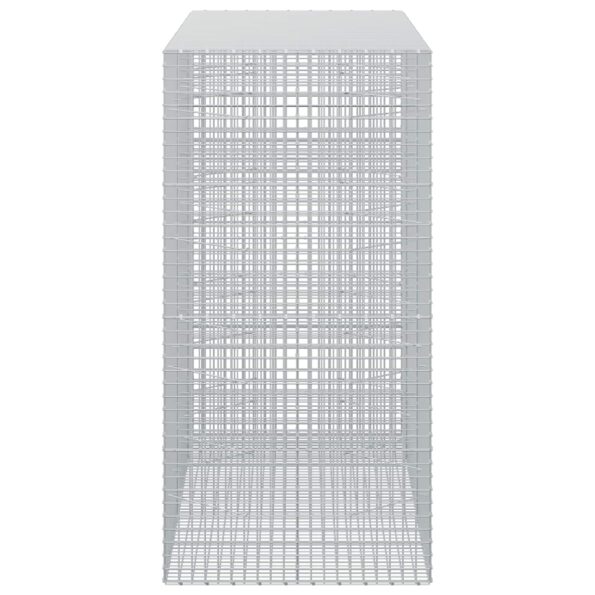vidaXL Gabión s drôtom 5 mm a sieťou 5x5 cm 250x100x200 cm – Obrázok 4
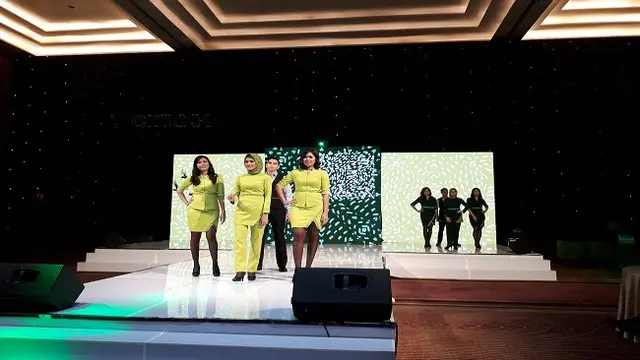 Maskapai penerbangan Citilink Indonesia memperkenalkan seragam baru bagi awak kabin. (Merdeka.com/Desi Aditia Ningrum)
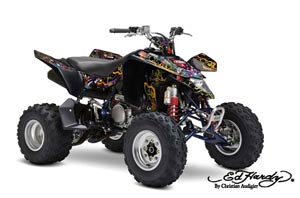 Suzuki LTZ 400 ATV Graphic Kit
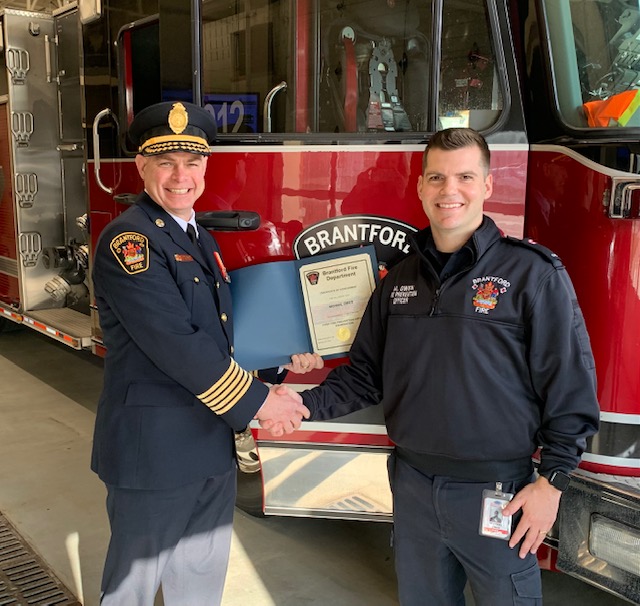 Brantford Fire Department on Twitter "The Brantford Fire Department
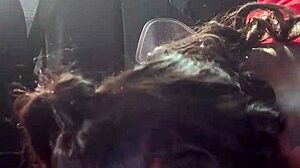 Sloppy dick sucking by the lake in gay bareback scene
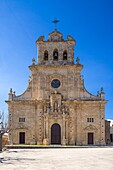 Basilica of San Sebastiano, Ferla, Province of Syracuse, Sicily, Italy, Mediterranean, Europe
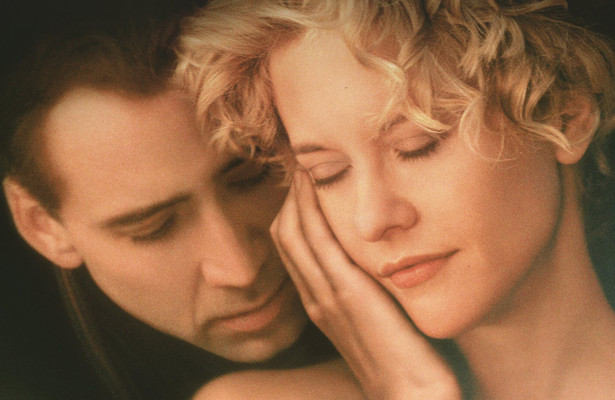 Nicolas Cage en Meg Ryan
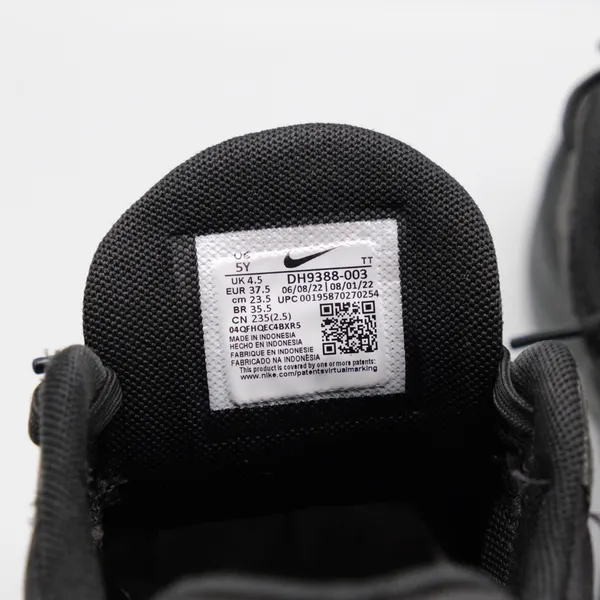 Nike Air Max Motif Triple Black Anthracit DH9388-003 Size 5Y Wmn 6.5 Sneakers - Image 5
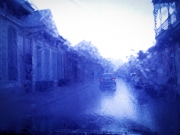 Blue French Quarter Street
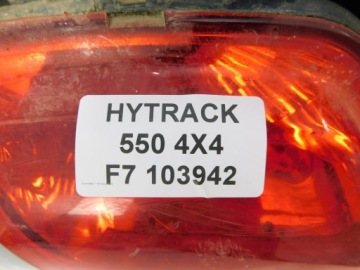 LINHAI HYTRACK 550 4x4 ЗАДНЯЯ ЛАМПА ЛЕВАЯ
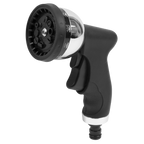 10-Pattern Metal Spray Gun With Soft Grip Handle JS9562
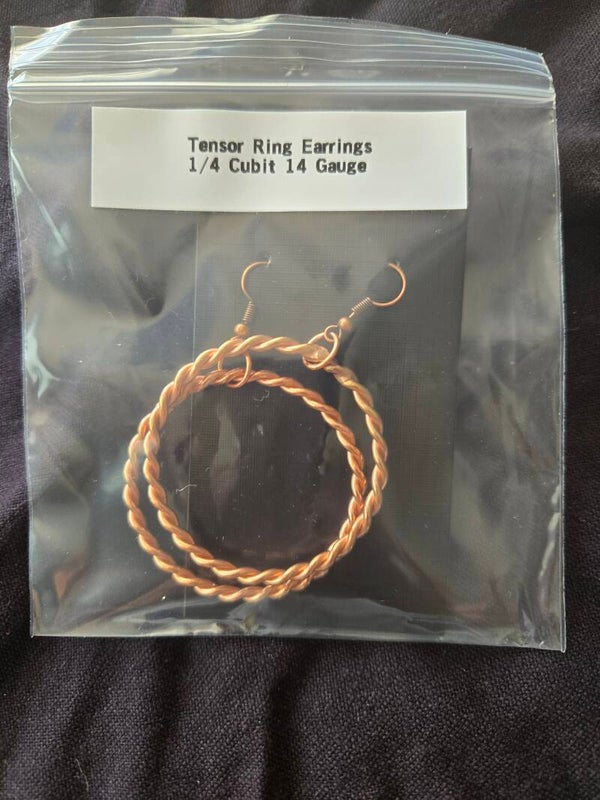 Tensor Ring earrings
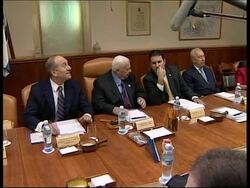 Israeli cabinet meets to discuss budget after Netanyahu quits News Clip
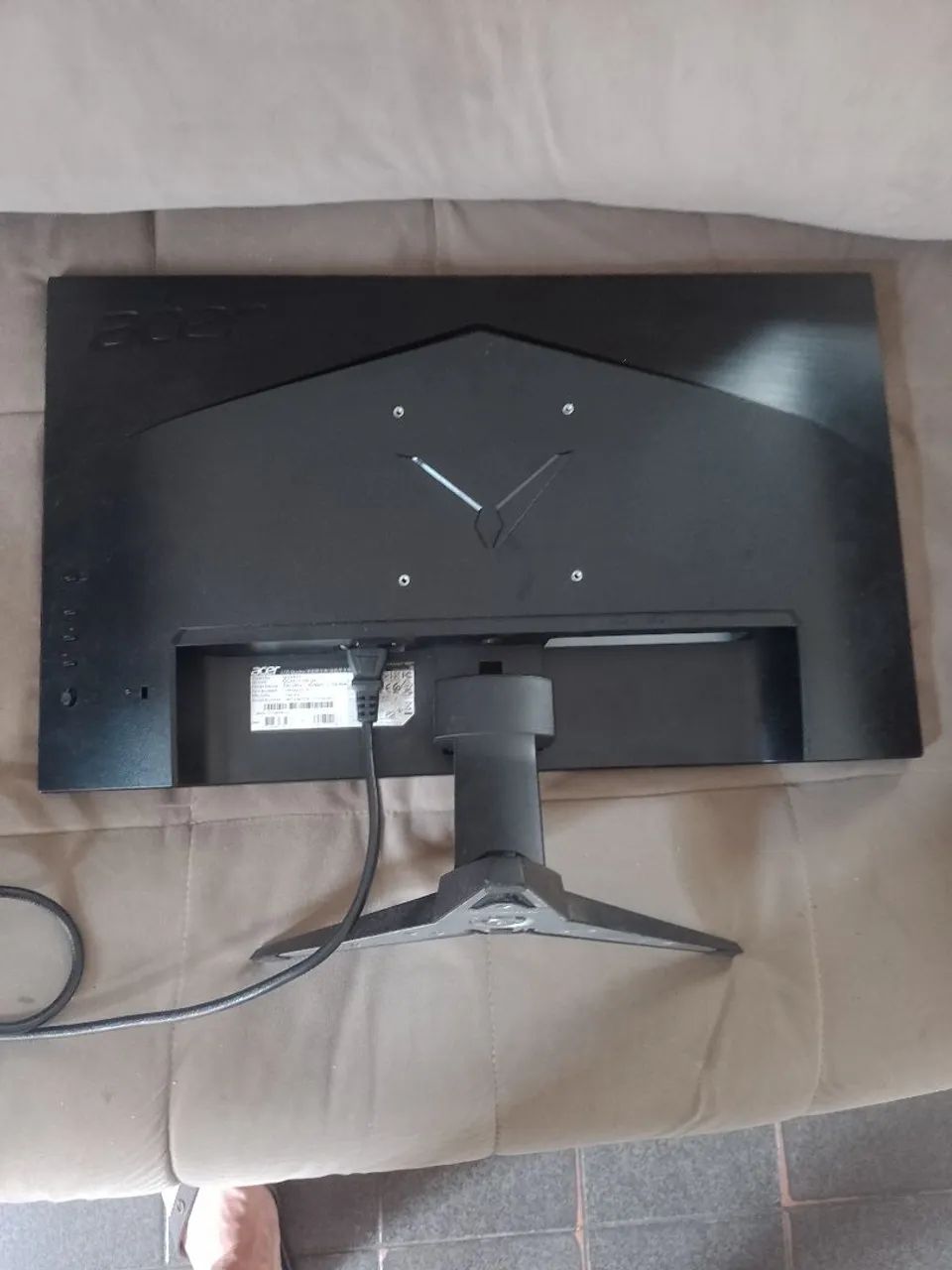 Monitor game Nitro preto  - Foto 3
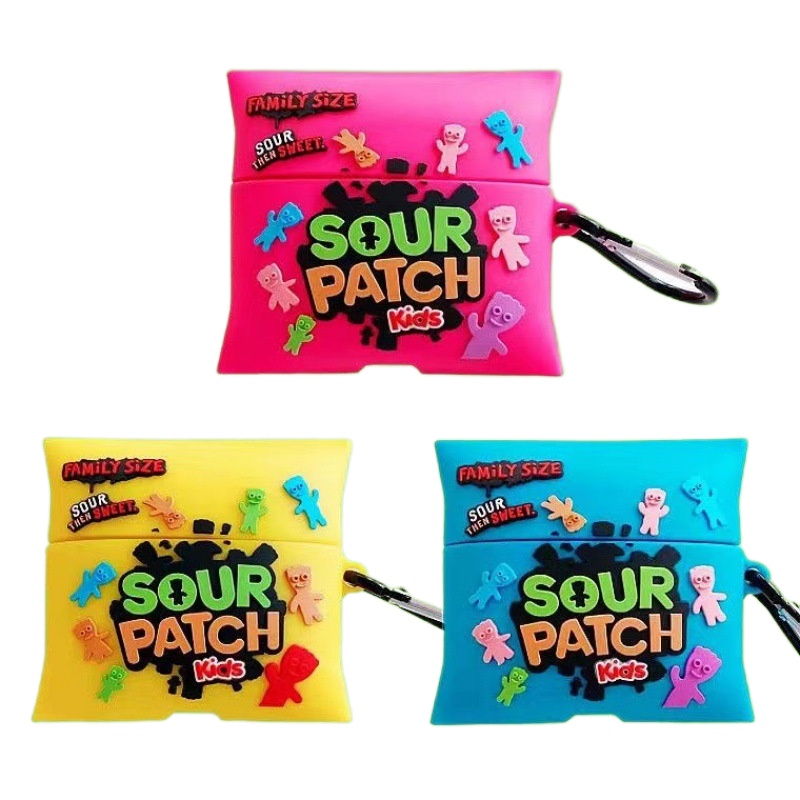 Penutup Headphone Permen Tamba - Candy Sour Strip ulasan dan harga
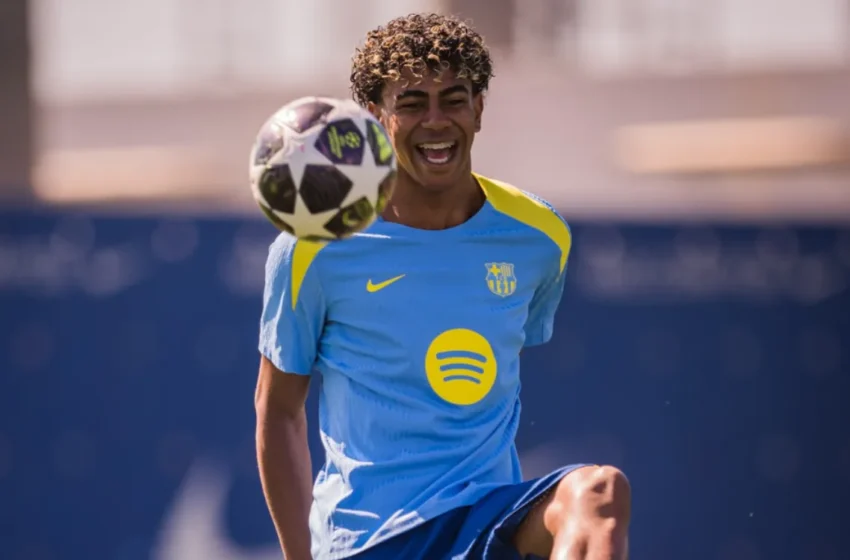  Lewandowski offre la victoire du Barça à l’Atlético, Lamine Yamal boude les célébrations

• **WHAT IS BEING ASKED**: An exact retyping of each record, with no pictures, is the answer required.

• **PROBLEM SOLUTION**:
vidaXL Gabión s drôtom 5 mm a sieťou 5x5 cm 250x100x200 cm – Obrázok 4
 Maskapai penerbangan Citilink Indonesia memperkenalkan seragam baru bagi awak kabin. (Merdeka.com/Desi Aditia Ningrum)
 Suzuki LTZ 400 ATV Graphic Kit
 Brantford Fire Department on Twitter "The Brantford Fire Department
 Sloppy dick sucking by the lake in gay bareback scene
 Basilica of San Sebastiano, Ferla, Province of Syracuse, Sicily, Italy, Mediterranean, Europe
 Nicolas Cage en Meg Ryan
 Nike Air Max Motif Triple Black Anthracit DH9388-003 Size 5Y Wmn 6.5 Sneakers - Image 5
 Blue French Quarter Street
 LINHAI HYTRACK 550 4x4 ЗАДНЯЯ ЛАМПА ЛЕВАЯ
 10-Pattern Metal Spray Gun With Soft Grip Handle JS9562
 Tensor Ring earrings
 Israeli cabinet meets to discuss budget after Netanyahu quits News Clip
 Monitor game Nitro preto  - Foto 3
 Penutup Headphone Permen Tamba - Candy Sour Strip ulasan dan harga
  Lewandowski offre la victoire du Barça à l’Atlético, Lamine Yamal boude les célébrations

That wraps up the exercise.